Congress knew, though that transparency to the regulators is not enough. Markets work best when the public benefits from seeing the price and volume of transactions after they have been executed. Beginning this past January, the public can now see the prices and volume of transactions on a time delayed basis (and in a way that masks counterparties), similar to a modern-day ticker tape, free of charge and available on the internet. Further, starting today, July 30, a significant portion of the smaller-size transactions will no longer be reported on a time-delayed basis. This fulfills Congress’s mandate that transactions below a block size be publicly reported “as soon as technologically practicable.”
As the Commission recently finalized block rules for swaps, it will shortly turn to consider staff recommendations for a proposal on a futures block rule.
In addition, for the first time, all swaps trading facilities will have to register, completing the task of closing what had come to be known as the “Enron loophole.” We accomplished this through finalizing rules relating to swap execution facilities (SEFs), which are trading facilities for the transaction of swaps. SEFs already have started to register, and some are likely to be operating by August 5. Others will need to register and include the minimum trading functions, such as an order book, by October 2. All market participants shortly will have the ability to compete by making bids and offers to each other through an order book. They also benefit by seeing the prices of such orders prior to making a decision on a transaction.
Thus, market participants, whether they be pension funds, asset managers, community banks or other end users, shortly will be able to go onto a centralized market structure – a designated contract market (DCM) or a SEF – and execute their swaps transactions in a competitive marketplace, while in the past they were primarily only able to do this directly with dealers. This is a critical benefit to our overall economy. When transparency and competition come to a marketplace, costs go down.
Further, standardized swaps (swaps that are subject to the clearing requirement and made available for trading) will be subject to a trade execution requirement likely starting by early next year. A significant portion of interest rate and credit derivative index swaps will be in full view to the marketplace before transactions occur.

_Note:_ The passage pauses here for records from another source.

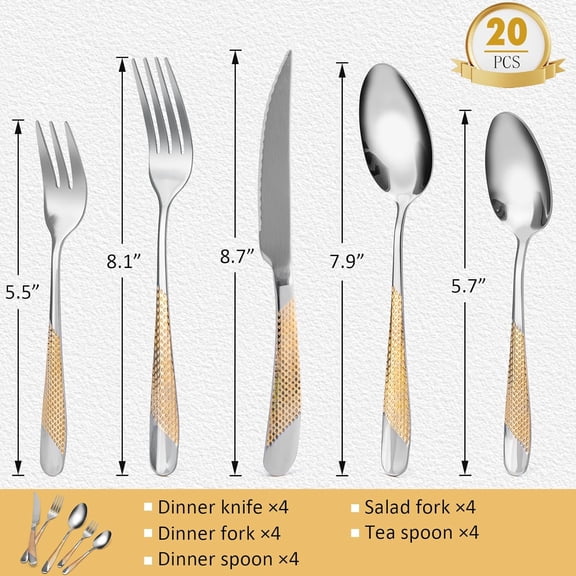 FGTHBF-Flatware Set for 4, 20 Piece Cutlery Set, Stainless Steel Kitchen Forks Spoons Knives Set for Home, Restaurant, Party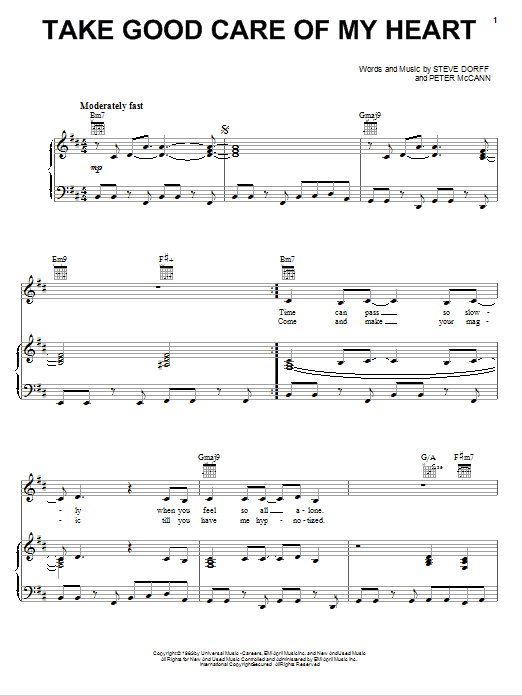 Whitney Houston Take Good Care Of My Heart sheet music notes and chords. Download Printable PDF.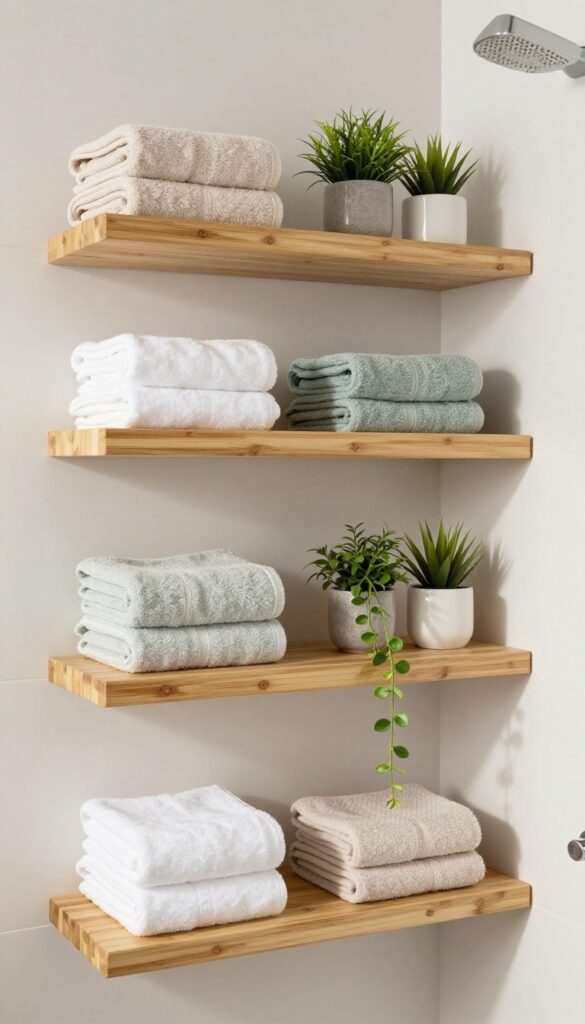 Floating shelves above a shower with plants and towels, demonstrating a cheap and modern storage solution for bathrooms.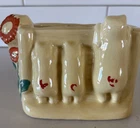 VTG Shawnee Pottery Planter Three Little Pigs on Fence Yellow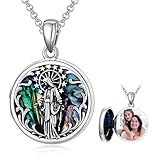 Shusukue Virgin Mary Locket Necklace that Holds Pictures 925 Sterling Silver Abalone Shell Locket Ne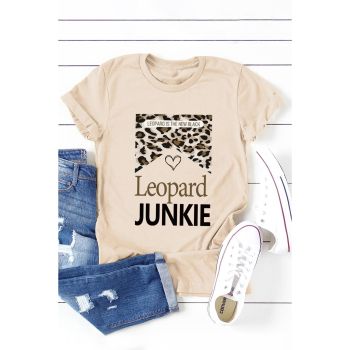 Azura Exchange LEOPARD JUNKIE Letter Heart Graphic Print T-Shirt - 2XL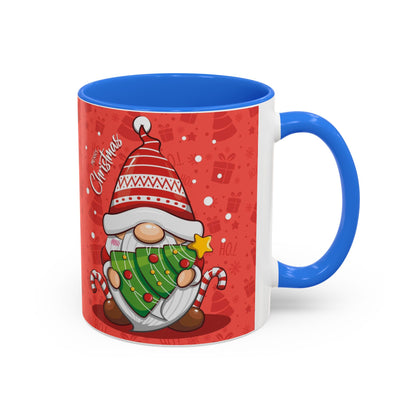 Christmas Tree Gnome, Red Christmas Gnome Mug with Tree and Candy Canes, Festive Holiday Coffee Cup, Cute Gnome Lover Gift, Winter Cocoa Mug, Christmas Kitchen Decor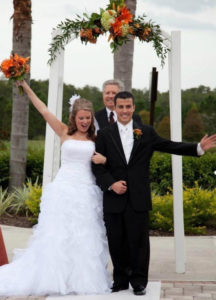 Just married at the end of the ceremony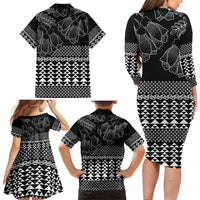 Black Taniko Kowhaiwhai Tukutuku Motif Family Matching Long Sleeve Bodycon Dress and Hawaiian Shirt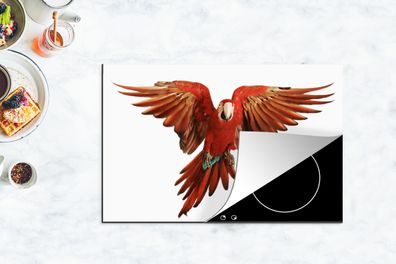 Herdabdeckplatte - 80x52 cm - Ara - Vogel - Federn - Weiß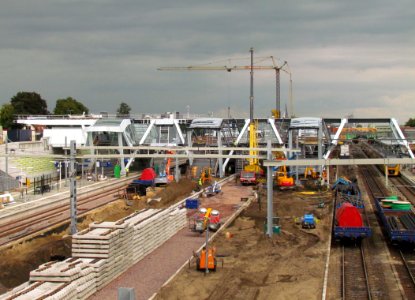 Bouw passerelle Station Arnhem
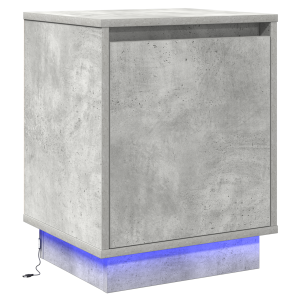 Mesa de Noche con Luces LED Concreto Gris 39x34.5x50 cm H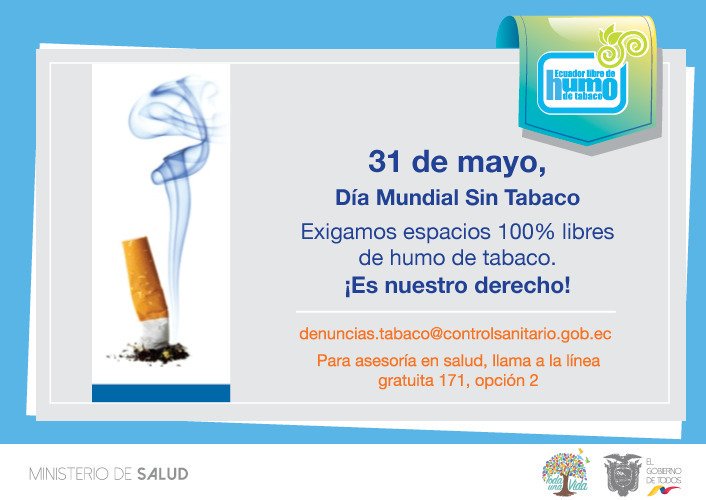 SaludPichincha's tweet photo. 31 de mayo, Día Mundial Sin Tabaco, por una vida saludable ¡súmate al reto de no fumar! |#EcuadorSinTabaco https://t.co/mkWw4MrLYc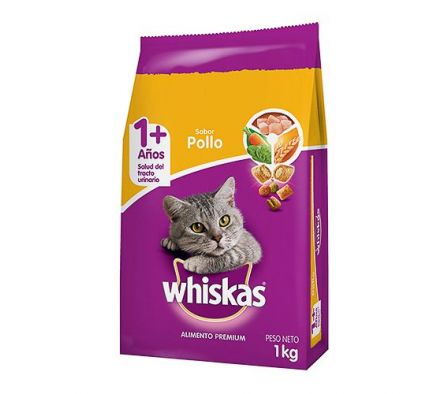 ALIMENTO PARA GATO WHISKAS POLLO 10 X 1KGR.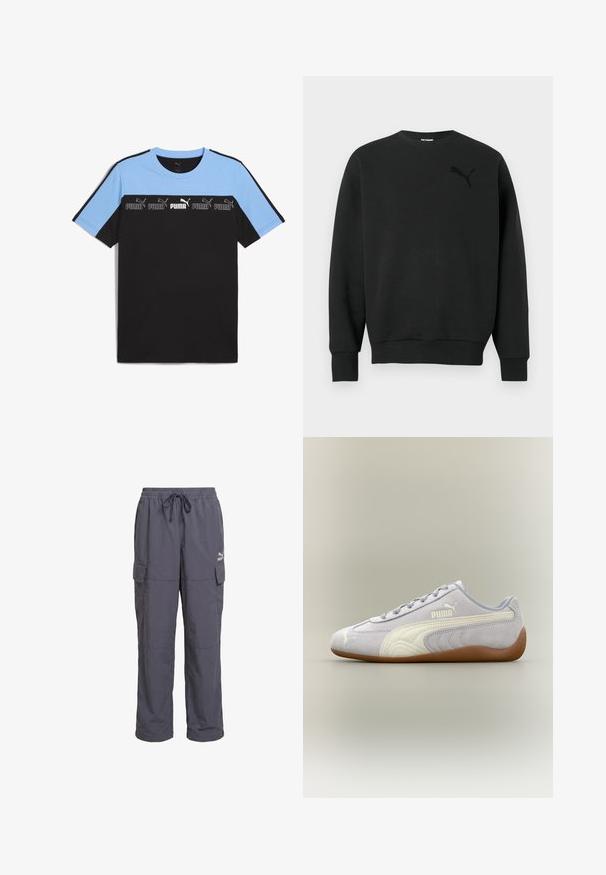 Sort langærmet crewneck-sweatshirt med ribbede ærmekanter og kant, med en subtil sort Puma-logo på venstre bryst.; Sort og lys blå kortærmet T-shirt med rund hals. Har et vandret bånd, der viser flere Puma-logoer i hvid og sort.; Mørkegrå løstsiddende cargobukser med elastisk taljebånd, snøre og klaplommer på siderne, med Puma-logo på højre lår.; Lys grå Puma ruskindssneaker med hvid stribedetalje og gummisål, set fra ydersiden mod en neutral baggrund.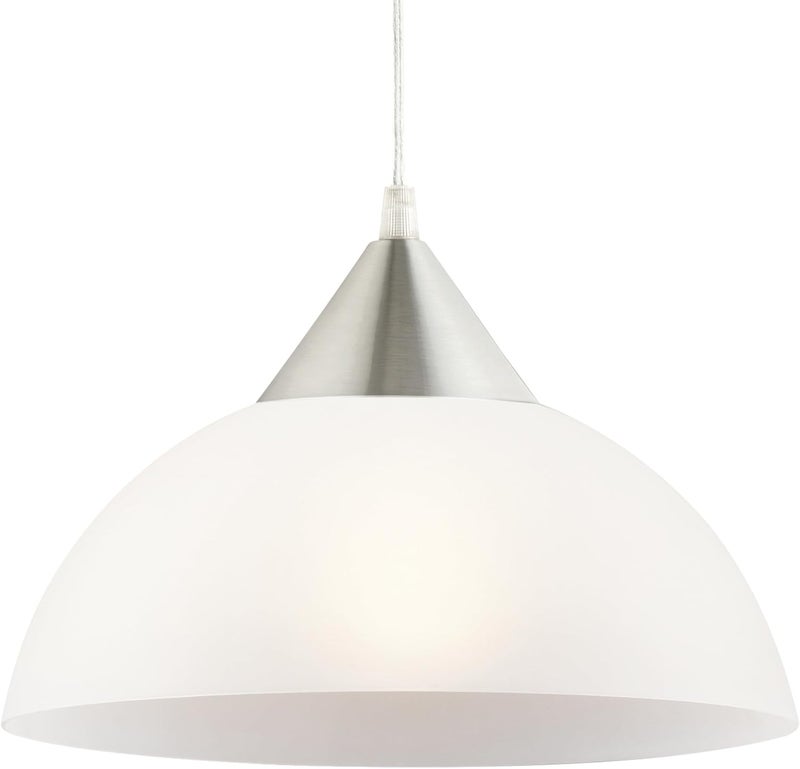 Globe Electric 64413 1-Light Plug-in Pendant, Brushed Steel, Frosted White Shade, 15ft Clear Cord, in-Line On/Off Switch, E26 Base Socket, Kitchen Island, Café, Hanging Light, Bulb Not Included - Image 5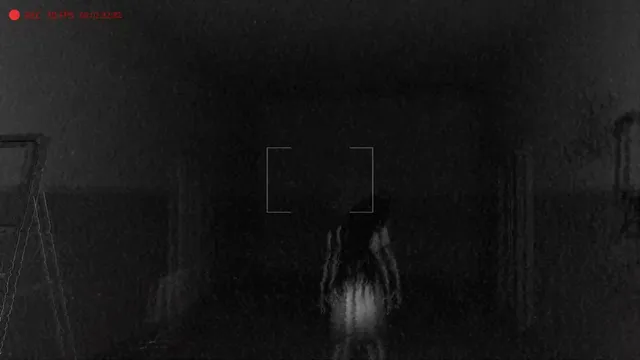 Cursed Apartment screenshot: a pale long-haired ghost crawling in a dark room, framed in a camera's viewfinder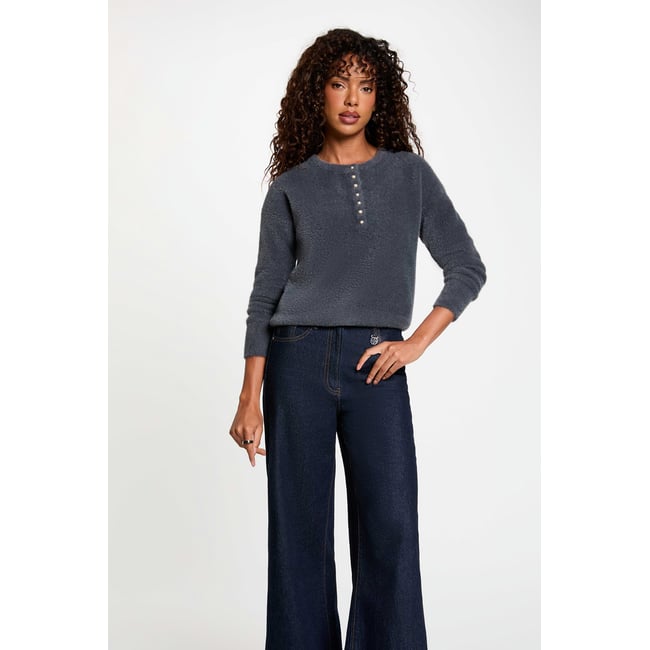 Pull col rond à boutons denim gris fonce <span itemprop=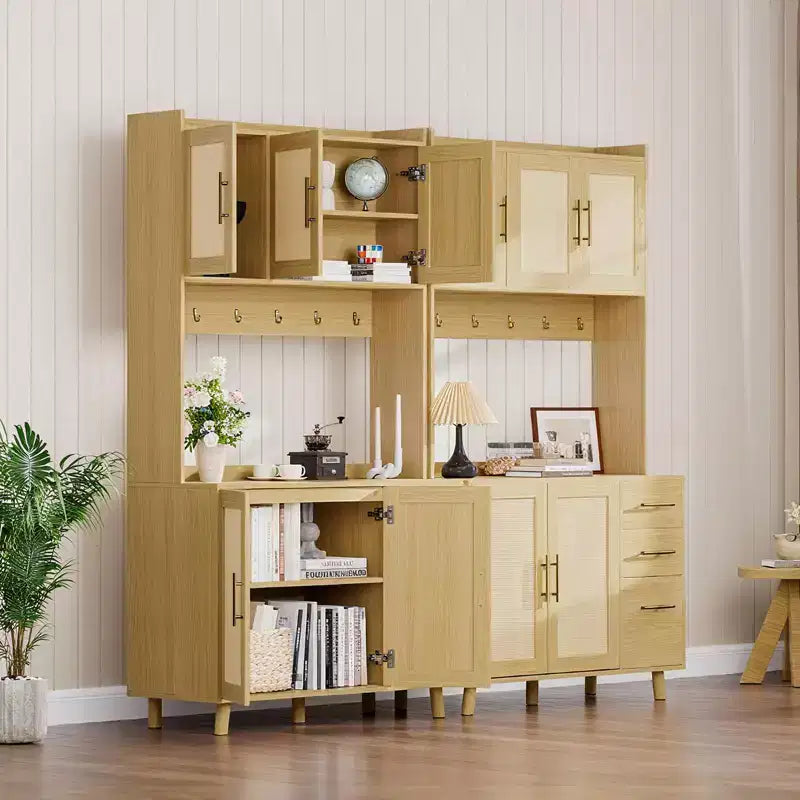 71 Natural Rattan Kitchen Pantry Cabinet C Farmhouse Hutch with 3 Drawers, Adjustable Shelves & 6 Hooks for Dining/Living Room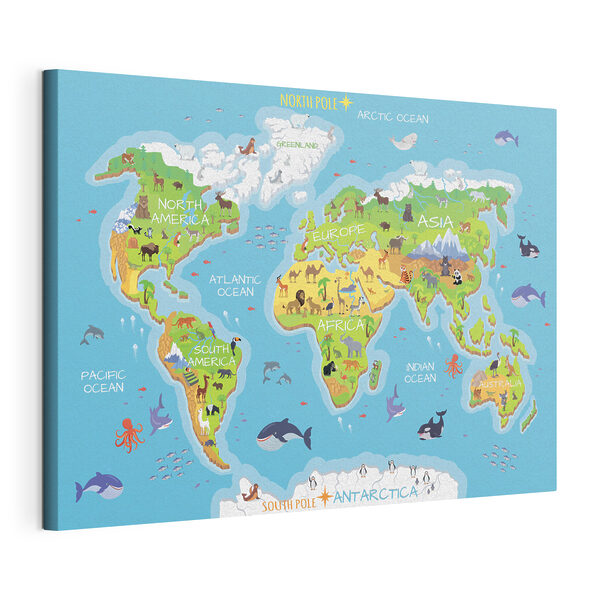 Karte der Welt mit Tieren Wandbilder Karte der Welt mit Tieren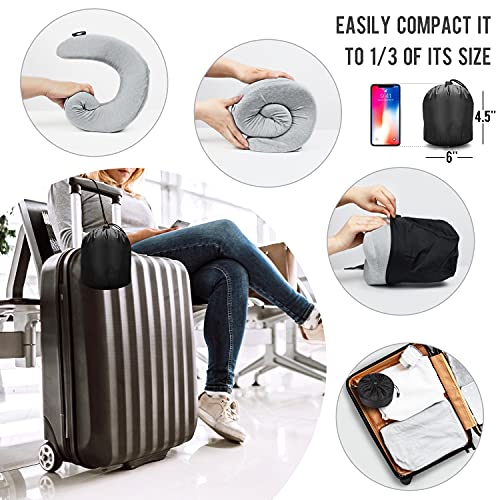 Travel Pillow for Airplane Memory Foam Neck Support Travel Pillows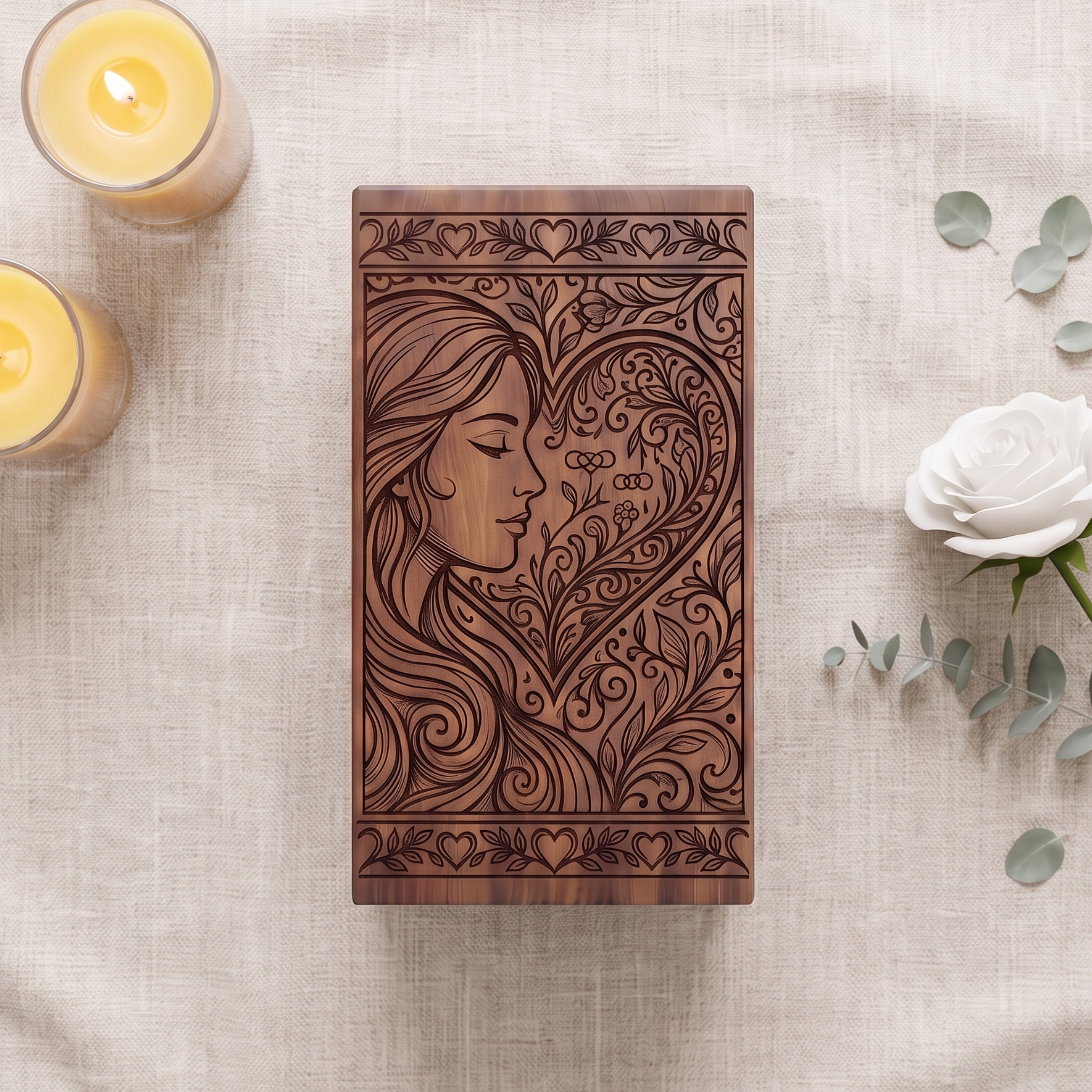 Personalized Wooden Urn for Human Ashes, Custom Cremation Box for Women, Female Memorial Keepsake - Image 8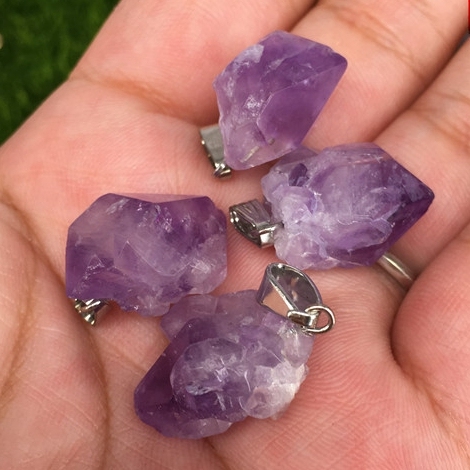 Natural amethyst, natural meteor stone pendant necklace, suitable for any occasion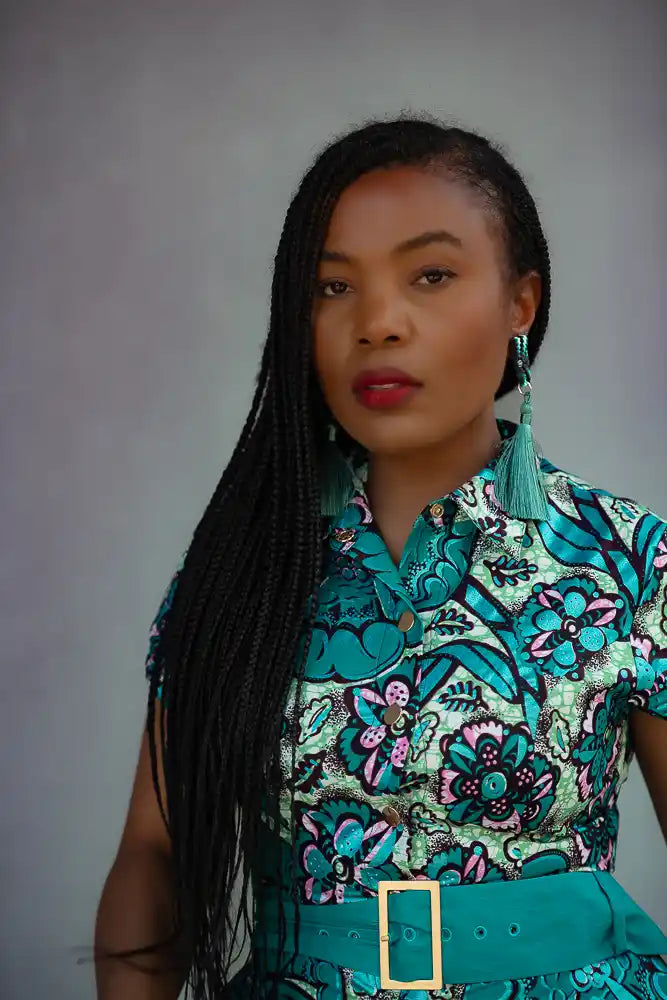 Close up of a collared Midi 100% Ankara Cotton Dress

Trading platforms also can elect to offer other types of swaps for transparent trading. This is a significant shift toward market transparency from the way it used to be.
As Congress made clear in the law, trades will be required to be executed on SEFs or DCMs only when financial institutions transact with financial institutions. Non-financial commercial companies and other end-users will benefit from access to the information on these platforms, but will not be required to use them. Further, companies will be able to continue relying on customized transactions – those not required to be cleared – to meet their particular needs, as well as to enter into large block trades.
Beyond these reforms, new CFTC rules brought additional transparency earlier this year, as customers can now see the valuation of their positions on a daily basis – either as reported by the clearinghouse or by their swap dealers as required by business conduct rules.
With these transparency reforms, the public and regulators now have their first full window into the swaps marketplace. These reforms build upon the democratization of the swaps market that is coming with the clearing of standardized swaps.
Central Clearing – Mitigating Risk and Promoting Access
Transparency is but one critical rule of the road in the swaps markets. It provides the street lamps that light the roads, but we also must ensure that the streets are safe for driving and that drivers have easy access to the highways.
Clearinghouses have operated in the futures markets since the late 19th century to lower risk and improve access for market participants. Clearinghouses reduce the risk that one entity’s failure could spread to the public by standing between the parties and maintaining resources to cover defaults. They value every position daily and require the parties to post adequate margin on a regular basis. Clearing also fosters access for the broad market as it ensures that each participant no longer has to individually worry about its counterparty’s credit characteristics.
The CFTC has implemented the two principal reforms of the Dodd-Frank Act relating to clearing.
First, consistent with the direction of the statute, the Commission in the fall of 2011 adopted a comprehensive set of rules for the risk management of clearinghouses. These final rules provided a strong set of protections for customer money posted to clearinghouses, including for the first time a requirement for gross margining as well as segregation of customer money at the clearinghouse.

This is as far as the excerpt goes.